India is celebrating the super success of the achievements of epic proportions of the female athletes, and rightly so. But as I surmised life, or at least tried to, many in the country and around the world are bereaved at the loss of a life. The entity who left the world for heavenly abode was/is not a human being, but a tigress, an animal, carnivorous, who devoured on her prey, and who had the temerity, skill, and prowess to fight a 14-foot-long marsh crocodile that too inside the Raj Bagh lake. She emerged victorious as she tore the croc’s throat apart and dragged it away amidst shrubs. The croc had posed a very serious threat to her cubs.

Machli Kitne Dilon Ki Rani
Machli, the Tigress rules millions of hearts, the ‘Lady of the Lake’, was given the name Machli by the late field director Fateh Singh Rathore as she had a fish-like design on her face. She had other monikers, T-16, Queen Mother, and Queen of Ranthambore.

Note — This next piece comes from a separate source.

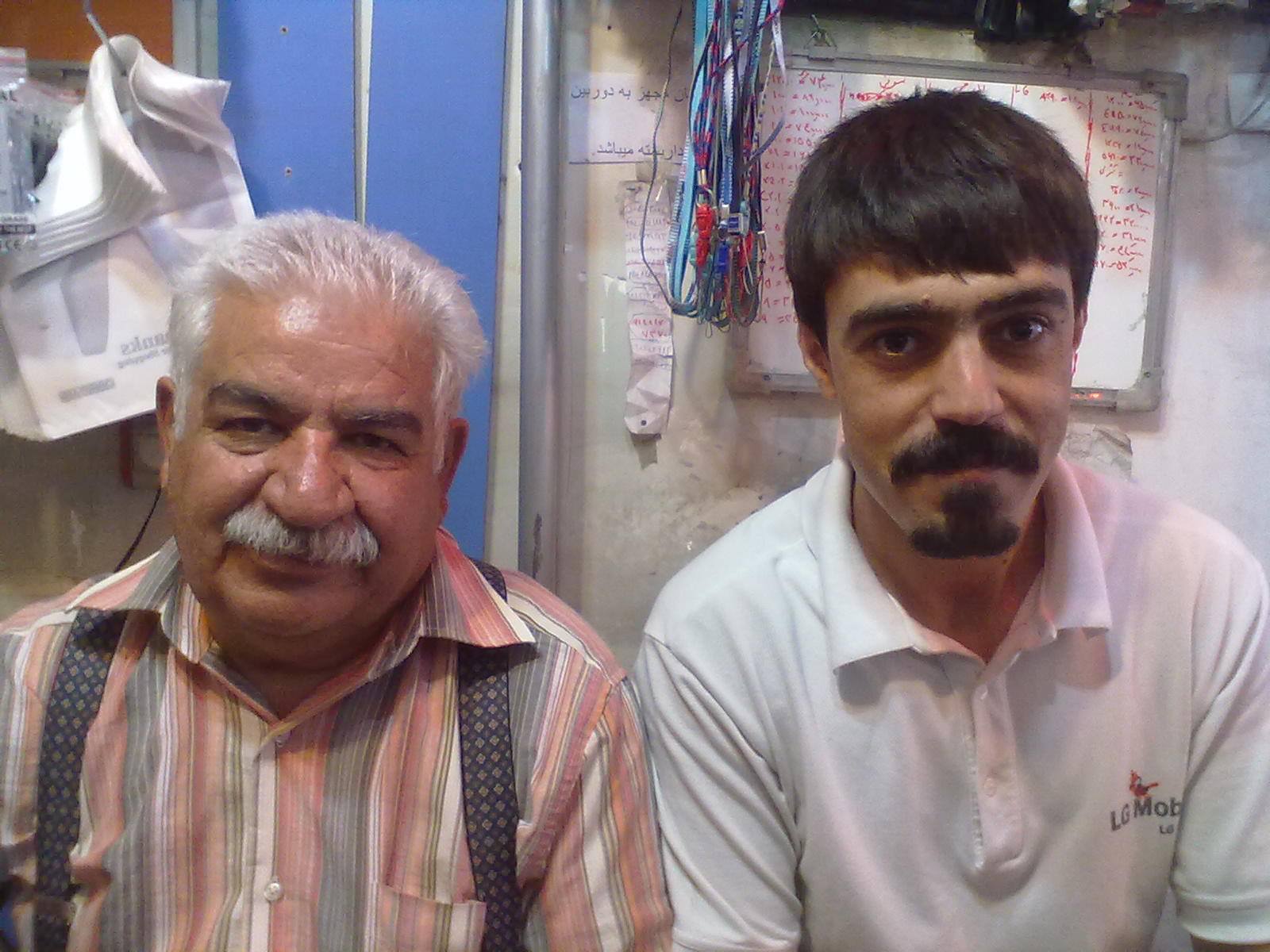 هاشم چاوشی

Machli has a postage stamp and many several short films and documentaries to her credit. She found a place on Facebook with several pages dedicated to her. She was also given a Lifetime Achievement Award by Travel Operators for Tigers (TOFT) in 2009.

Machli, The Outstanding Revenue Earner

Machhli was the celebrity tigress. Reportedly, she was the world's most-photographed big cat as numerous wildlife lovers and tourists followed her and took many photographs.

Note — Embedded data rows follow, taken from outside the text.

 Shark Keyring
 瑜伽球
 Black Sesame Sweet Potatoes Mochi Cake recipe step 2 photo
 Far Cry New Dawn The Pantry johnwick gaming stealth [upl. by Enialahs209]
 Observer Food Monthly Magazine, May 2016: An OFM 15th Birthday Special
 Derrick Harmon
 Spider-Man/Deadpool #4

Machhli played a significant role in populating the Ranthambhore Tiger Reserve, as she was blessed with 11 cubs, including seven females and four males.
According to some estimates, she was responsible for earning the park a huge amount of Rs 65 crores a year for a period of 10 years. That makes Rs 650 crores.

The Last Moments Of Machli

Machli was found in Ama Ghati area in a poor condition on August 13. The forest staff, which cordoned off the area, was monitoring her condition and trying to feed her, but she only consumed water and her condition did not improve. She breathed her last at 9:52 am on Thursday, August 18 surrounded by a horde of her admirers and forest officials.

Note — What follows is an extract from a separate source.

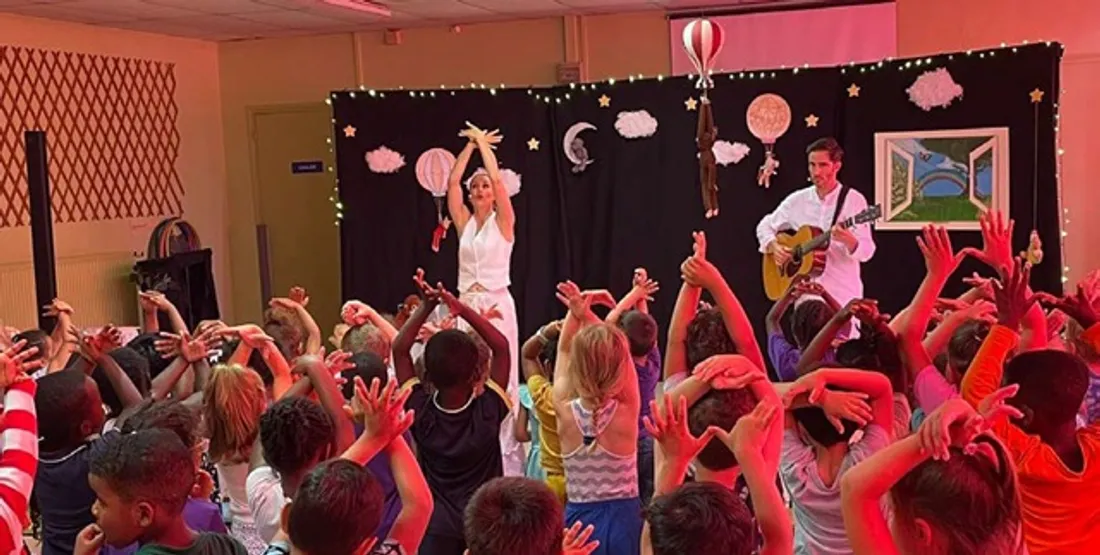 ANGERVILLE (91) / ÉTAMPES (91) / PUSSAY (91) - Musique : Les concerts volants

For many forest officials, Machli's dying was an emotional moment. Often seen hunting and playing around water bodies, experts said her life was a distinct case of evolution in the behaviour of tigers, especially those in Ranthambore.

"Tiger behaviour is evolving and it was best reflected in the case of Machli. She understood the importance of humans and never showed aggression. She was the most photographed tigress ever," said RN Mehrotra, former Field Director of Ranthambore who observed Machli for seven years from 2005 to 2012.

Her cremation was attended by not only field guides and naturalists from Ranthambore tiger reserve but also several forest officials as well as district officials including the Collector.

Hemraj Meena, a naturalist and guide at Ranthambore Tiger reserve for 22 years, who had been following Machli's life since 1997, shared that the last rites were carried out as per traditional customs. "Everyone at Ranthambore wanted her cremation to be like one we would carry out for our loved ones. For us guides and even forest department she was like a senior member of our family and hence an extremely emotional moment," he said.